### Task
From the records below, please print only the lines from the one containing "Ein grauer Multifunktionsdrucker" through the one containing "A Dining Room", both included. Skip the pictures.

### Material supplied
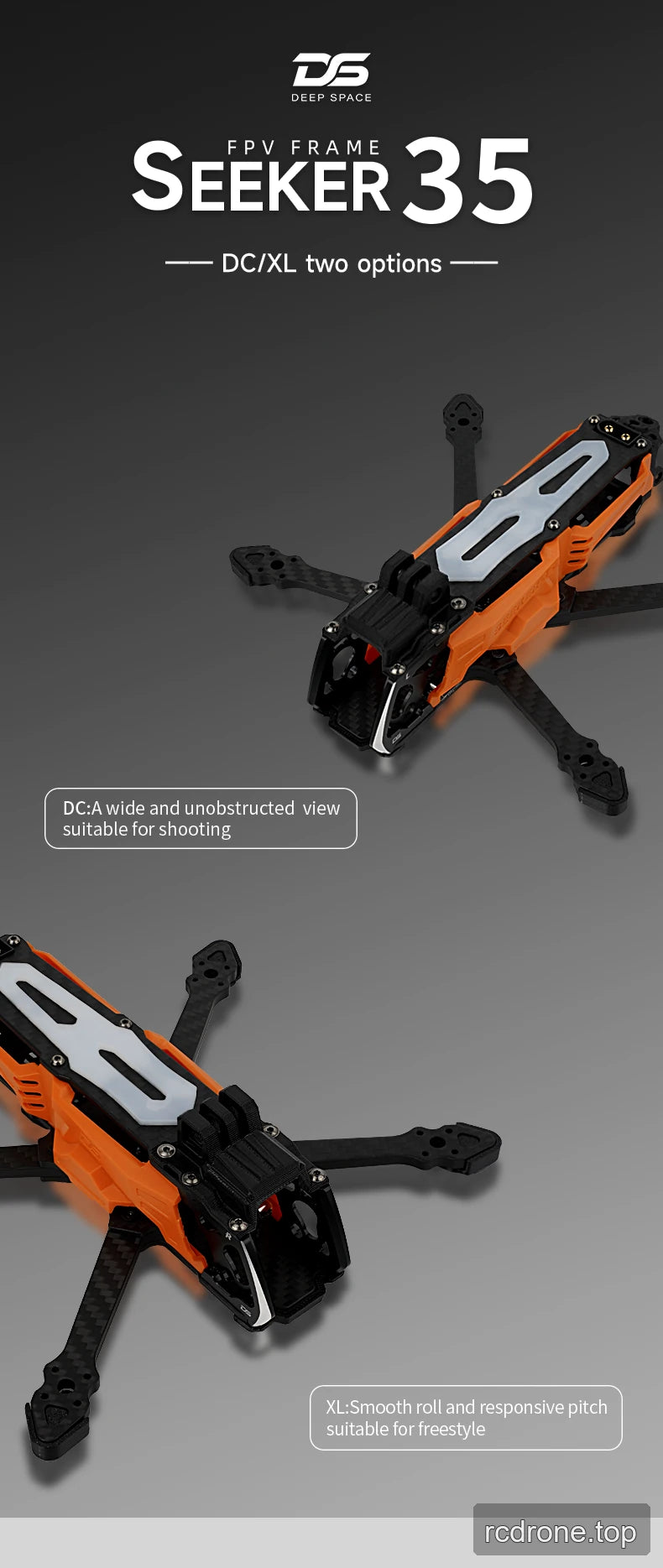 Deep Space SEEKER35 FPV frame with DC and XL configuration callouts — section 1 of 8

...

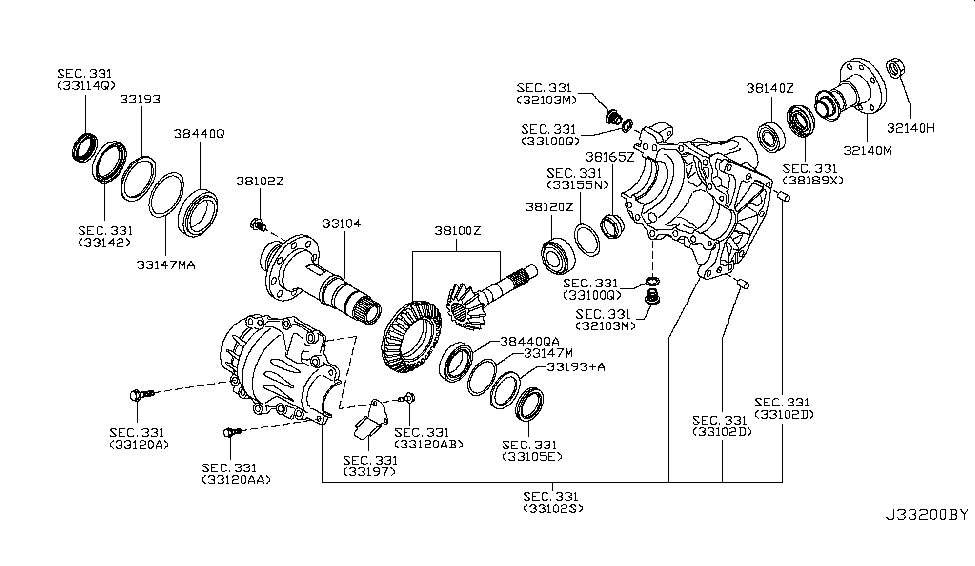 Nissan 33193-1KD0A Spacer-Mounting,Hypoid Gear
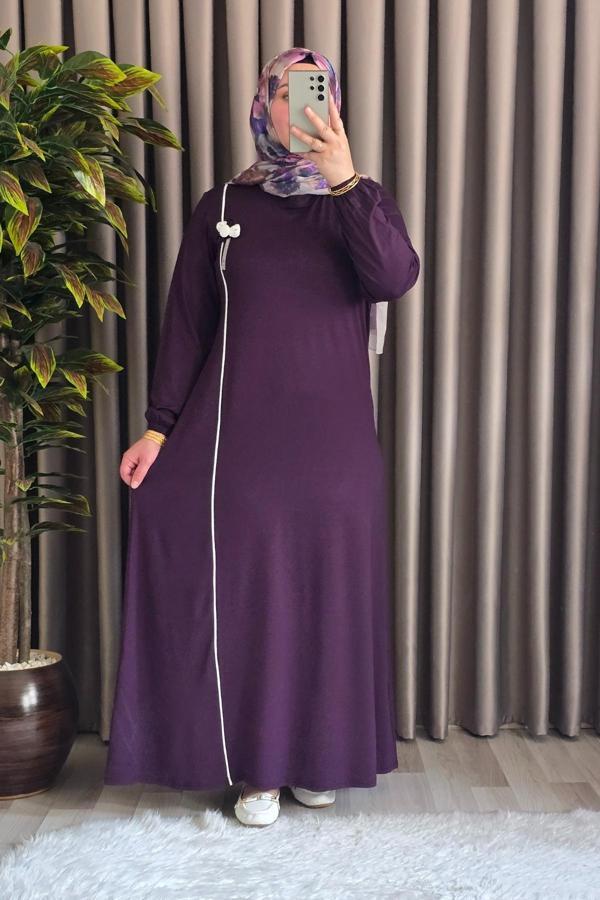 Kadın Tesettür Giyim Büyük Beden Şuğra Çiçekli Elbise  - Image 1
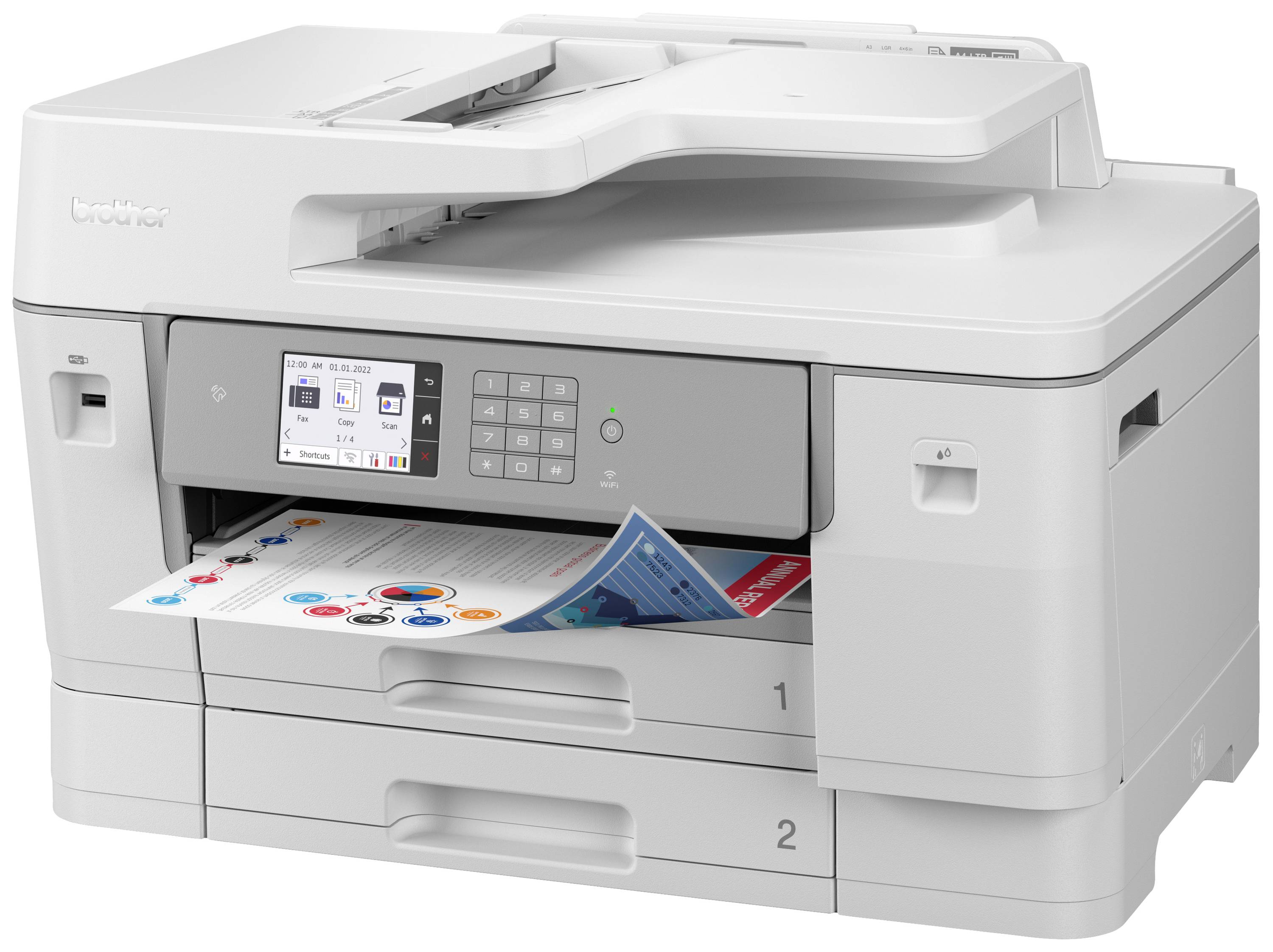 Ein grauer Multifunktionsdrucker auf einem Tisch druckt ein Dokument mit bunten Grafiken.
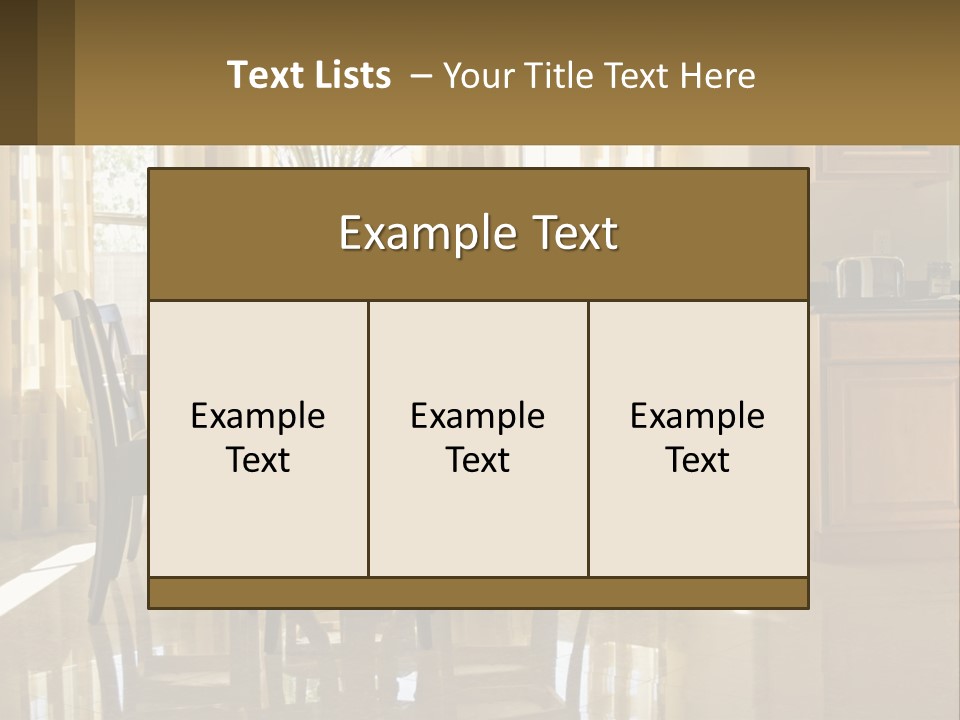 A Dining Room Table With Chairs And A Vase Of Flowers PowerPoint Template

### The completed task
 Ein grauer Multifunktionsdrucker auf einem Tisch druckt ein Dokument mit bunten Grafiken.
 A Dining Room Table With Chairs And A Vase Of Flowers PowerPoint Template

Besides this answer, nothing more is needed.